Sampling in statistics involves selecting a part of the population to obtain the necessary data for analysis. It makes the process of collecting data easier, faster, and cheaper. Sometimes you will be able to study all of the population, but if it’s too large, then it’s more practical to select a sample.

Ensuring a sample is accurate

It’s best to choose a representative sample with characteristics that are similar to those of the whole population. For example, you can consider characteristics like age or income.

In addition, the sample size should be proportionate to the population size in order to get more accurate results. For example, if there are 1,000 students at a school, you probably don’t want to survey just 10 students; your results would not be precise or reliable enough. Instead, you might want to survey 100 students, or one-tenth of the total student population.

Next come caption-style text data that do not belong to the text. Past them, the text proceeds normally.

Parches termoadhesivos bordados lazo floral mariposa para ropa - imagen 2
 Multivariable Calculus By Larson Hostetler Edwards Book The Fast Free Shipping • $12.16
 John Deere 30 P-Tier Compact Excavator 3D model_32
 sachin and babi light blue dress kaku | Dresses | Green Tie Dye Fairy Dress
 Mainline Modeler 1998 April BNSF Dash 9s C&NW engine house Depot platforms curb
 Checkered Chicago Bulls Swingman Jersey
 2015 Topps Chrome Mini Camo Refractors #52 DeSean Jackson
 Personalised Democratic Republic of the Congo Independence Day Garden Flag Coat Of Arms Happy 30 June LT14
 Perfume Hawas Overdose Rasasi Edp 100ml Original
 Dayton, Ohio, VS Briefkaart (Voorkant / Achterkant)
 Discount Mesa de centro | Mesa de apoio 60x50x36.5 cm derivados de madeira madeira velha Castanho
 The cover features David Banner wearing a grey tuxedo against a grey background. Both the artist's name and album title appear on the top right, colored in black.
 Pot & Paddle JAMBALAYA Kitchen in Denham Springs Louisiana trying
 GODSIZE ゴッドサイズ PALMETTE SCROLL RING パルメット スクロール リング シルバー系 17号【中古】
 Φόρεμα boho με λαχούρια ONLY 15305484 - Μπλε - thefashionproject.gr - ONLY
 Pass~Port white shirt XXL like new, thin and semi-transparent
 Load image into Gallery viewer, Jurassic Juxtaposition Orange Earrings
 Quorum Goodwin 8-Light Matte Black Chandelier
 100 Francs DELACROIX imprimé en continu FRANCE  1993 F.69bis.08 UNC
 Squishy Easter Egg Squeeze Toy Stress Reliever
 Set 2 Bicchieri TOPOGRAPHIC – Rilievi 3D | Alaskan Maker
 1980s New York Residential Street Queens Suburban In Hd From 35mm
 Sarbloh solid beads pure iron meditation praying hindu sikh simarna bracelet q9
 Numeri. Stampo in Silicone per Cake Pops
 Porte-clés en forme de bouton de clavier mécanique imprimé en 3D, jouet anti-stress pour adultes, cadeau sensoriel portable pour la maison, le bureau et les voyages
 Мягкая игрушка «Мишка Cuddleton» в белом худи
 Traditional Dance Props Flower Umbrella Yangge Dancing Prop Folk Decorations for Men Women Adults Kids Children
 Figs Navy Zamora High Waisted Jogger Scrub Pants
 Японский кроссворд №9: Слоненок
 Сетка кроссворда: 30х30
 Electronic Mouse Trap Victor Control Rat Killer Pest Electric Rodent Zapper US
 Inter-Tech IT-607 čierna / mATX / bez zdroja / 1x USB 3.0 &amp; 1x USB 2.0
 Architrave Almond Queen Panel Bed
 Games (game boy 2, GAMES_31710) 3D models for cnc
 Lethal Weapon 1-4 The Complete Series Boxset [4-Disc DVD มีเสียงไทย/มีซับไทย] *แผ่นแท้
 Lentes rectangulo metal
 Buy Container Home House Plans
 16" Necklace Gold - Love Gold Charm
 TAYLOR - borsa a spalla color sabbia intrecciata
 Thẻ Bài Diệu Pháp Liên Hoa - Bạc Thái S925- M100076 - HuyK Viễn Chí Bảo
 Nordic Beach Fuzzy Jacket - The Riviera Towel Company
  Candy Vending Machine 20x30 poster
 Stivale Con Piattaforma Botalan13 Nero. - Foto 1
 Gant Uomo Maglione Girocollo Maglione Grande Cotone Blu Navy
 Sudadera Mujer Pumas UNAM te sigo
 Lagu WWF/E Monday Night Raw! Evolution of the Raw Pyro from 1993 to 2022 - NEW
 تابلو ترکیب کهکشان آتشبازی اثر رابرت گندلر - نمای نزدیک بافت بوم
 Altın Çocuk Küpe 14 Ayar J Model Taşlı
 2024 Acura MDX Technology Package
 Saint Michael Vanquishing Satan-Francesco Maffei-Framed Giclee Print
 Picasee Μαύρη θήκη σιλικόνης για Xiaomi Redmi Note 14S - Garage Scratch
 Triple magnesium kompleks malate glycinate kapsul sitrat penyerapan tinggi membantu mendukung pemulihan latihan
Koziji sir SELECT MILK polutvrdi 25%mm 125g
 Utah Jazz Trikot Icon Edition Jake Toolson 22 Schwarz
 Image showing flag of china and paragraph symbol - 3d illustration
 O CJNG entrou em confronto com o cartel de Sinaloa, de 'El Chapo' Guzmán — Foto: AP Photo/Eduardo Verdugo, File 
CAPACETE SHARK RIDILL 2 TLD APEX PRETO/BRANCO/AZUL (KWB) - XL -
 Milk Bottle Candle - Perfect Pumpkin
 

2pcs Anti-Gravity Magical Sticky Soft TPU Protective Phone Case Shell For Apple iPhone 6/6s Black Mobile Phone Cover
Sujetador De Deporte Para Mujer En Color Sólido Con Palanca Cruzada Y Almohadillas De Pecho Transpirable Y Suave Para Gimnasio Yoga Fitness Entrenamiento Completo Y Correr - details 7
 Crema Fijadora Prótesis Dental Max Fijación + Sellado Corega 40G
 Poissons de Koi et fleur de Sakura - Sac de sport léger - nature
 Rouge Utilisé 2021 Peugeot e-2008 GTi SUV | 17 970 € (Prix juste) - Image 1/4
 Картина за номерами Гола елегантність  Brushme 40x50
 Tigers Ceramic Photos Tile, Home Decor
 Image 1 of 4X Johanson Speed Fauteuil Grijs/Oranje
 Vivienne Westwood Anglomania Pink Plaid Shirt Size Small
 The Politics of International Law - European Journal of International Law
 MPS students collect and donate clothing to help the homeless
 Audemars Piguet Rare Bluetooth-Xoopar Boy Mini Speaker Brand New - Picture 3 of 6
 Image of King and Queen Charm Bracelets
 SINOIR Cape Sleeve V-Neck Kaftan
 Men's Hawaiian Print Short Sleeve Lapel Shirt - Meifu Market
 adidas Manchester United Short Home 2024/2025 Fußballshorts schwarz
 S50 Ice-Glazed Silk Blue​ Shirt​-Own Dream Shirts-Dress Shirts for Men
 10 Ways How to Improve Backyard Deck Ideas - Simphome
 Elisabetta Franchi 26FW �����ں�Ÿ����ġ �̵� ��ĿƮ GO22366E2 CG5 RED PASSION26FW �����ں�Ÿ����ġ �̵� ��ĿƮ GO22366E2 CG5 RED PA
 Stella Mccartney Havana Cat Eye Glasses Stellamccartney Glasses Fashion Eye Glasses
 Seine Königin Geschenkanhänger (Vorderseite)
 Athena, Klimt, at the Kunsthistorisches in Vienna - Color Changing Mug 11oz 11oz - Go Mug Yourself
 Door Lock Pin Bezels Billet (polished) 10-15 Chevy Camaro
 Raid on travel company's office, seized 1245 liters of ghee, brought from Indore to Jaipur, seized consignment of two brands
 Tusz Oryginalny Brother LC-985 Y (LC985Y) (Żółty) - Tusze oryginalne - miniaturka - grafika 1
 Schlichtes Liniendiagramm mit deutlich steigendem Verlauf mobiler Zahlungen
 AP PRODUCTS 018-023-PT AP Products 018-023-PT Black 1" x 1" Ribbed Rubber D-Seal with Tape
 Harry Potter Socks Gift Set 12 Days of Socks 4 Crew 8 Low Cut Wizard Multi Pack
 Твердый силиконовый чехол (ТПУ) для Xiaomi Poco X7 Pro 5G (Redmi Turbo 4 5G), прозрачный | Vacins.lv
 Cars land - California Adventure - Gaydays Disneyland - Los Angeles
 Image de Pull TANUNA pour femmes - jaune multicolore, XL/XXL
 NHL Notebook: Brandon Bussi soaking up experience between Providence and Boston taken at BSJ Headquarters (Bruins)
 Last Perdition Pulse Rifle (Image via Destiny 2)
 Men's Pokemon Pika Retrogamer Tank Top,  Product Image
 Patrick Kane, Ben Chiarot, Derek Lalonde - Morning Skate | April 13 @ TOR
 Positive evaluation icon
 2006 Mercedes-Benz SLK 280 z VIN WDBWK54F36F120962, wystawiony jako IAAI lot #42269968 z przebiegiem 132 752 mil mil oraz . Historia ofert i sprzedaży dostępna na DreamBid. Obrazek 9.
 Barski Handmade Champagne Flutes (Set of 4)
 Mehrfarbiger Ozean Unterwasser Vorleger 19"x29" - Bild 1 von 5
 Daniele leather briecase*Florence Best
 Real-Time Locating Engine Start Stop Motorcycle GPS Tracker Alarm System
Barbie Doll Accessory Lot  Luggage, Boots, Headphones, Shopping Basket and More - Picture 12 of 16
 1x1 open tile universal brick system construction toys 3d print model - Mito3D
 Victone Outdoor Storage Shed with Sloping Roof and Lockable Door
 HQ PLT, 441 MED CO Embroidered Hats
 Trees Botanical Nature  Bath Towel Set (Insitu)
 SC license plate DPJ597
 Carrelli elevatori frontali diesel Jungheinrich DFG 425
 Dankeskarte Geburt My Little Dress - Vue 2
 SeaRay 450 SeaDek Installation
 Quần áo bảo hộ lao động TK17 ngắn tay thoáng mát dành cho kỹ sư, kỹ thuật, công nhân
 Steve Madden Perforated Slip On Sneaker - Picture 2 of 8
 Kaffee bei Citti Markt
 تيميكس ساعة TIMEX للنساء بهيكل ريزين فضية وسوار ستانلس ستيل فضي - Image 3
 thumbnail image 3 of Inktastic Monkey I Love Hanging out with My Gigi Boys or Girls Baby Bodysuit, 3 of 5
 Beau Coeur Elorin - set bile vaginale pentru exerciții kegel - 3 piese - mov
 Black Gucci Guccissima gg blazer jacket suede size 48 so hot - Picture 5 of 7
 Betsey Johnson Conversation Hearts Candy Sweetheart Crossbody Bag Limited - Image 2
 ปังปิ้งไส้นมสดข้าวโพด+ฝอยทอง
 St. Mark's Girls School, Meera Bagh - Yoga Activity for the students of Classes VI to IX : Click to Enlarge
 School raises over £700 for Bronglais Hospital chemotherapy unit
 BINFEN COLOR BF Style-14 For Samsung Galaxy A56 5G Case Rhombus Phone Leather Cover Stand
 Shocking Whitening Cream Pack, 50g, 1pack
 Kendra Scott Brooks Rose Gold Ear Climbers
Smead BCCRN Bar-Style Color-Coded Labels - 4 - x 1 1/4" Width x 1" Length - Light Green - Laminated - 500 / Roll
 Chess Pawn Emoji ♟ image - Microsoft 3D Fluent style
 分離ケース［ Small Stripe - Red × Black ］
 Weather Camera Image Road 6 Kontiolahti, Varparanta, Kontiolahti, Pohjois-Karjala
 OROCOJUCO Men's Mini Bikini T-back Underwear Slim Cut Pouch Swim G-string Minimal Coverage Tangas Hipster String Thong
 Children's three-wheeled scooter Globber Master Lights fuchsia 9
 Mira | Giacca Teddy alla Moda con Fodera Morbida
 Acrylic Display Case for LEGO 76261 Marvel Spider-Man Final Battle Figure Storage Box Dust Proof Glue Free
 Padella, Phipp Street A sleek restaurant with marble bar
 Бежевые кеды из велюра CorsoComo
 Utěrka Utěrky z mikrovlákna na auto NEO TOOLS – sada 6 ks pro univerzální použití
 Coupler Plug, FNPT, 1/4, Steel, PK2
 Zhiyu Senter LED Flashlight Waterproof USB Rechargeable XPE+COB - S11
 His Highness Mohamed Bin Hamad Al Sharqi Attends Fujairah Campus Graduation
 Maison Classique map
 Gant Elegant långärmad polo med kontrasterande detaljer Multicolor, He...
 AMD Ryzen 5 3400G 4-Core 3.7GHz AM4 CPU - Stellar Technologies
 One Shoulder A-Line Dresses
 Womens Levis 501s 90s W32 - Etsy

Factors to take into account

If you’re trying to determine your sample size, here are four factors to take into account:

1. Population size is the total number of people (or things) you are studying.
2. Margin of error is the amount of uncertainty in our results that comes from only looking at a sample of the population instead of everyone. The smaller the margin of error, the more accurate our results will be.
3. Confidence level is how sure we can be that the results of a survey or experiment are accurate and not just due to chance. Usually, confidence level is expressed as a percentage.
4. Population proportion is the percentage of people or things in a population that share the same characteristic.

It's also important to note that samples aren’t always made up of people. They can be used to study any group or population, like countries, companies–even animals.

Helpful Tool: Calculator.net offers a free sample size calculator that might be worth checking out!

Sometimes you won’t know all four of these factors, and that’s okay! But taking into consideration more of them will make your sample more accurate.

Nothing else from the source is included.